James, 2nd Viscount Limerick and 2nd Earl of Clanbrassil, died without issue in 1798, and the park passed to his sister Anne, wife of Robert Jocelyn, 1st Earl of Roden. Their son Robert, 2nd Earl of Roden, who inherited the estate in 1802, built the Bryansford and Barbican gate lodges, the latter of which has since been demolished. He also erected an obelisk monument to the east of the house in memory of his second son James, who died unexpectedly in 1812. The 2nd Earl and his successor Robert, the 3rd Earl, further developed Bryansford village, making it "a pleasing place of residence for those persons that like a quiet retreat." A Roman Catholic church was built at the eastern edge of the village in 1820, school houses in 1823 and 1826, and labourers' dwellings and the large dower house known as The Nest were added around the same time. The 3rd Earl also constructed a water-powered sawmill within the demesne and in 1865 added another small lodge to the east. He enlarged Tollymore House itself by adding an additional storey to the wings and a tall, somewhat incongruous, French château-style roof to the original central block.

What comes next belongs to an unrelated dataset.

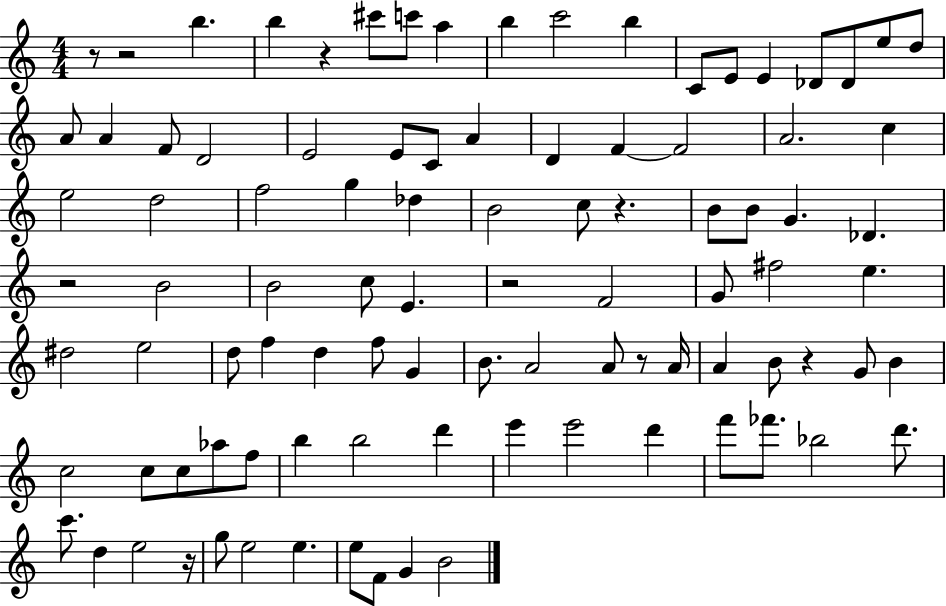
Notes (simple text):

R/e R/h B5/q. B5/q R/q C#6/e C6/e A5/q B5/q C6/h B5/q C4/e E4/e E4/q Db4/e Db4/e E5/e D5/e A4/e A4/q F4/e D4/h E4/h E4/e C4/e A4/q D4/q F4/q F4/h A4/h. C5/q E5/h D5/h F5/h G5/q Db5/q B4/h C5/e R/q. B4/e B4/e G4/q. Db4/q. R/h B4/h B4/h C5/e E4/q. R/h F4/h G4/e F#5/h E5/q. D#5/h E5/h D5/e F5/q D5/q F5/e G4/q B4/e. A4/h A4/e R/e A4/s A4/q B4/e R/q G4/e B4/q C5/h C5/e C5/e Ab5/e F5/e B5/q B5/h D6/q E6/q E6/h D6/q F6/e FES6/e. Bb5/h D6/e. C6/e. D5/q E5/h R/s G5/e E5/h E5/q. E5/e F4/e G4/q B4/h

Tollymore Park remained entirely in the hands of the Roden family until 1930, when the 8th Earl sold two-thirds of the land to the Ministry of Agriculture for afforestation. The remaining third was purchased by the Ministry in 1940, and during the Second World War Tollymore House and part of the grounds were used by the Army. After the war the house fell into disrepair and was demolished by Lord Roden in 1952. In 1955 Tollymore became the first state forest in Northern Ireland to be designated a Forest Park and was opened to the public. It has continued to be developed for timber production, recreation, conservation, and education ever since. Although the house itself has gone, most of the park's 18th and early 19th century gates, bridges, and lodges have survived.